== SOURCE RECORDS

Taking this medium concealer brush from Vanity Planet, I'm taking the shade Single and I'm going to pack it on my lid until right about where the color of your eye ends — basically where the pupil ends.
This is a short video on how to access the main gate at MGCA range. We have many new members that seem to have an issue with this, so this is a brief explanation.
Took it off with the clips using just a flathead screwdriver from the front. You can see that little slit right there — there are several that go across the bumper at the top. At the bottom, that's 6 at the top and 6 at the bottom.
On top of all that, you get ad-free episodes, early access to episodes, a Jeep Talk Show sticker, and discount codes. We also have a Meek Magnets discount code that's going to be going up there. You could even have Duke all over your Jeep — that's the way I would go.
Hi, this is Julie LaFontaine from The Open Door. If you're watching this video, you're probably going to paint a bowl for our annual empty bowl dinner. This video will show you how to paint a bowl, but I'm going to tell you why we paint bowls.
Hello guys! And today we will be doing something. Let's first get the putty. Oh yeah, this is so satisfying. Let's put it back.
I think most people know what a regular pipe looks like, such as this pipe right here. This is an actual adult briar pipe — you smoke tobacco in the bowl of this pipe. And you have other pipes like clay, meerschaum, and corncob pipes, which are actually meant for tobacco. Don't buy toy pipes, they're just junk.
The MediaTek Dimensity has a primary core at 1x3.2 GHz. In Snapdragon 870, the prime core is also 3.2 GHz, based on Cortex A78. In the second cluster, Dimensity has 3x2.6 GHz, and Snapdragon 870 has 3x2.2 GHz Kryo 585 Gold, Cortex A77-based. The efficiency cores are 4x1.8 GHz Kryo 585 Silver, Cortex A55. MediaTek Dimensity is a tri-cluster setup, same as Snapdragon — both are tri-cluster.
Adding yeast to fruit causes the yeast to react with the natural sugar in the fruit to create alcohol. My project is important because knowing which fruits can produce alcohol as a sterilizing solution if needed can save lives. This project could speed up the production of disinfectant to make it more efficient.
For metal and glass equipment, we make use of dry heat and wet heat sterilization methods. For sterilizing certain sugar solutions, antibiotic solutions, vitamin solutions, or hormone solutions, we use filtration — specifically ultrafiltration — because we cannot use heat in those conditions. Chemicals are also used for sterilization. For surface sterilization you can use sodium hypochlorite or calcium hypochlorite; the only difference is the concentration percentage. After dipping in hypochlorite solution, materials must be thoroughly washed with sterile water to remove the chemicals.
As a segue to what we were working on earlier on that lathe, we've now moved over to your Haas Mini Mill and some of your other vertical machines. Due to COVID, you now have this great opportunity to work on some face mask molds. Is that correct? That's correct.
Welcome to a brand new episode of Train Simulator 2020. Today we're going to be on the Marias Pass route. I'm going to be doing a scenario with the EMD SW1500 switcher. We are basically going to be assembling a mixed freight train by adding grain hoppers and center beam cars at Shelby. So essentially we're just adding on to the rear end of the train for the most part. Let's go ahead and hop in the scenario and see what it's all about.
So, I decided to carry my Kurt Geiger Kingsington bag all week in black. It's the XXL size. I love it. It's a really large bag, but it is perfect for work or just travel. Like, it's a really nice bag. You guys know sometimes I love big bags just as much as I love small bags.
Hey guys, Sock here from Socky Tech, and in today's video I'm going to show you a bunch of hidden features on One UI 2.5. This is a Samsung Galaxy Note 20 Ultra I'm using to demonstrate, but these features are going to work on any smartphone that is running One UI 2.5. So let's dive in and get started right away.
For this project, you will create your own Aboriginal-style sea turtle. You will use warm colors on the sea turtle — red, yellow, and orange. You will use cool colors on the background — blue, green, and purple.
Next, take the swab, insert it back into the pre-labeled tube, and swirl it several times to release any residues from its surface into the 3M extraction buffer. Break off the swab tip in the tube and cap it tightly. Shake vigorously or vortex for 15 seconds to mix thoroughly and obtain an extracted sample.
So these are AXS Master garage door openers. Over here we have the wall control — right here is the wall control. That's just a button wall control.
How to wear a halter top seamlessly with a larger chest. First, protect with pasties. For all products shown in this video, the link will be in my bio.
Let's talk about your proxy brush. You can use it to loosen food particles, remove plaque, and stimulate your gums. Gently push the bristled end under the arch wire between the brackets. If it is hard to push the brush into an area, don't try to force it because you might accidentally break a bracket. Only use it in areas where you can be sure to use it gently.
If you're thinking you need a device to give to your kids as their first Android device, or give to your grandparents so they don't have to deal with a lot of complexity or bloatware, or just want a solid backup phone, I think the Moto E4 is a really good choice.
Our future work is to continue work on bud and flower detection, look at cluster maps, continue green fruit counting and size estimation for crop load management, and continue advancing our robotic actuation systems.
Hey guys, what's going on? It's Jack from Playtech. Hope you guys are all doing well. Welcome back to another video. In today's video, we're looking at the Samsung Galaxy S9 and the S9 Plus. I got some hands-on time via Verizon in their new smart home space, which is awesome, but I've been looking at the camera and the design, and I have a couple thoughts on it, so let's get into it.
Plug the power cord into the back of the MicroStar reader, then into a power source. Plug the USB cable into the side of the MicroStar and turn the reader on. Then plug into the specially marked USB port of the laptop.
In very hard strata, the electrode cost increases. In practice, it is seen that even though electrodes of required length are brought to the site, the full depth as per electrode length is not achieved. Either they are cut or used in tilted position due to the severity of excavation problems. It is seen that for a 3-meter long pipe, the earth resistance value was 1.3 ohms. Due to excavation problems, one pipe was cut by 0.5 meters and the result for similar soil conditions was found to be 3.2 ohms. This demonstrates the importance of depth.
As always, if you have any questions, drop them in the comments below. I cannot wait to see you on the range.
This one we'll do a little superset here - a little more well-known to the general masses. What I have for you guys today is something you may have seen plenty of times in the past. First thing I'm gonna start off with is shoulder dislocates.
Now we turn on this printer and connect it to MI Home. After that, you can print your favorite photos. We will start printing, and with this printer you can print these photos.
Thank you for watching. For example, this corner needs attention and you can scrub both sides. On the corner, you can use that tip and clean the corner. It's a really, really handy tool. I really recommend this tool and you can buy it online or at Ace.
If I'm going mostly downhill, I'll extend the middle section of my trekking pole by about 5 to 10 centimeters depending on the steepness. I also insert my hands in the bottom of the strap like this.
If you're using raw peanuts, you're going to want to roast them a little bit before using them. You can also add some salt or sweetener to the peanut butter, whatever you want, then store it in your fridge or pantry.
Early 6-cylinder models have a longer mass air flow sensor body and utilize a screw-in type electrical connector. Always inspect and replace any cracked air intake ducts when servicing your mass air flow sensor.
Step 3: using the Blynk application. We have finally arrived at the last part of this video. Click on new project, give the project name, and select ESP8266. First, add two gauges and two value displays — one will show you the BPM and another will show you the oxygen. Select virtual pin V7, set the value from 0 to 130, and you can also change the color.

====

# THE PROBLEM
In the material above, find each line containing the word "solution" and copy it.

# TASK ANSWER
Adding yeast to fruit causes the yeast to react with the natural sugar in the fruit to create alcohol. My project is important because knowing which fruits can produce alcohol as a sterilizing solution if needed can save lives. This project could speed up the production of disinfectant to make it more efficient.
For metal and glass equipment, we make use of dry heat and wet heat sterilization methods. For sterilizing certain sugar solutions, antibiotic solutions, vitamin solutions, or hormone solutions, we use filtration — specifically ultrafiltration — because we cannot use heat in those conditions. Chemicals are also used for sterilization. For surface sterilization you can use sodium hypochlorite or calcium hypochlorite; the only difference is the concentration percentage. After dipping in hypochlorite solution, materials must be thoroughly washed with sterile water to remove the chemicals.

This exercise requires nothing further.